Disappearing Clouds and CO2 poisoning

David Trammel's picture

I'm putting this in Story Ideas, but it could well be in Livability Issues.

I came across this video from Curiosity Stream (great channel btw) about the "Top 5 Sci-Fi Futures We Actually Have To Worry About". They surveyed scientists in the fields to come up with real world situations that may impact the World over the next century. While climate change, AI emergence, an water resource depletion were known to me and there, two situations were not. Those were the loss of low altitude clouds, and the health affects of higher CO2 levels.

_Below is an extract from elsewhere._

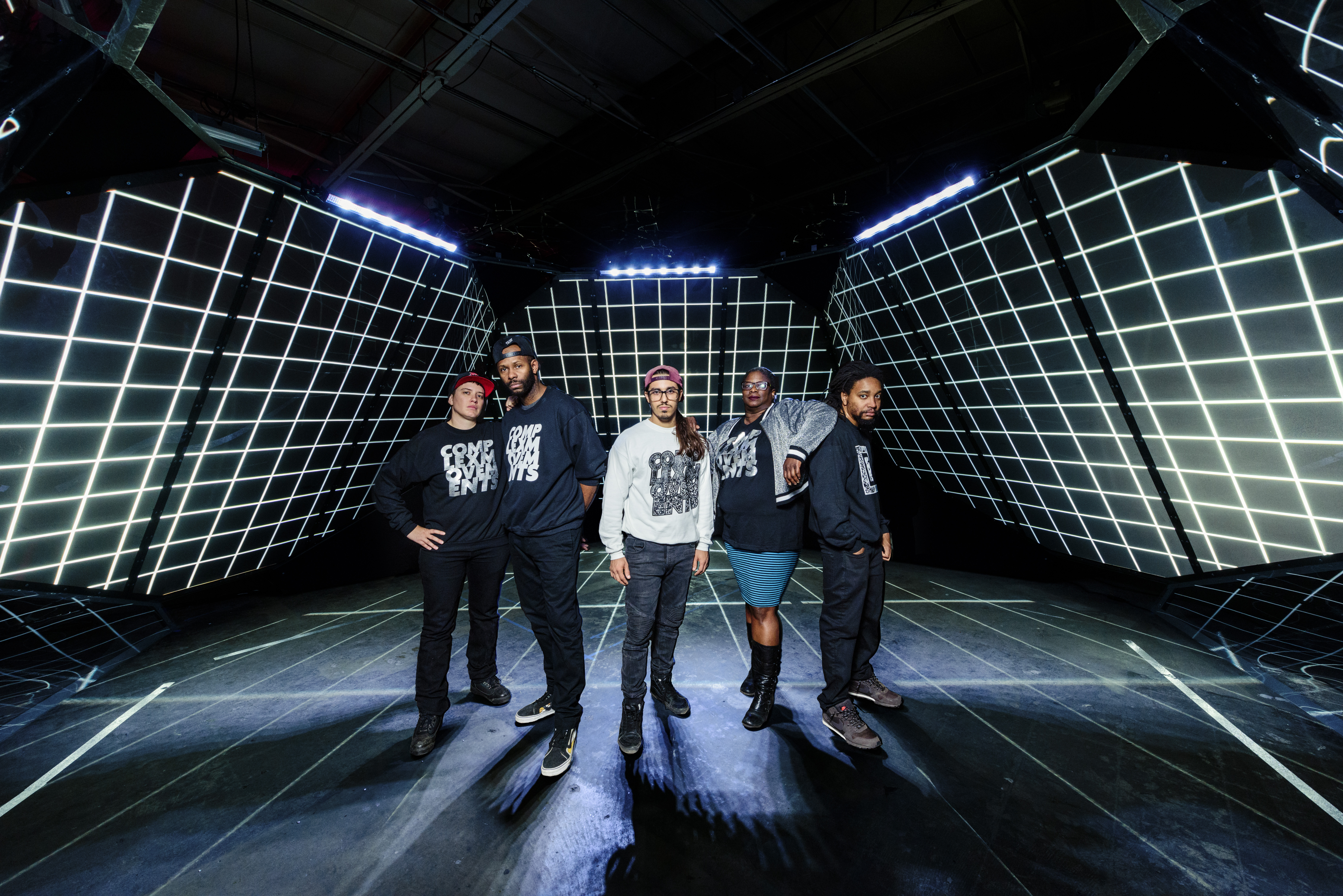 Five people standing in gridded dome: (L to R: ill Weaver/Invincible, Waajeed, L05/Carlos Garcia,_Sage Crump, Wesley Taylor). image credit: Doug Coombe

While climate change predicts increased water concentrations is the atmosphere a side affect of increased temperatures could be the decrease or even elimination of low level cloud cover. (Situation #4, video time 10:00). Apparently low altitude stratocumulus clouds, the low happy lumpy clouds which reflect a large amount of sunlight and help keep the ground cool. Research suggests that these clouds are sensitive to increased CO2 levels and that at a concentration of about 1200 ppm we could lose them entirely. This could add an estimated 53F degrees (12F) the estimated warming of the planet over the next century or two.

The second situation is health affects at higher CO2 levels. (Situation #5, video time 11:30) Aside to the affects increased atmosphere CO2 has on climate, are the health affects CO2 has on human, animal and even plant biologizes. CO2 is a poison at higher levels and can cause death. At lower levels it can cause headaches, dizziness, cognitive declines and even respiratory and cardiac damage. Not much is know what the health affects are from long term exposure at levels expected with climate change.

Something to consider in your Peak Oil stories.

"Top 5 Sci-Fi Futures We Actually Have To Worry About"

lathechuck's picture

You say "...could add an estimated 53F degrees (12F)..." I suspect that you meant "53F (12C)", but that's not really right, either. On the thermometer, 53F is 12C, but an increase of 9F is an increase of 5C (because their zero points do not coincide). Whether the temperature change is 12C or 53F, that's vastly greater than anything I've seen elsewhere, and far more than needed to (for example) flood all coastal cities and totally re-arrange agricultural production.

David Trammel's picture

That quote was copied from the original article, and is a good catch. I suspect its a typo but I'll check it out.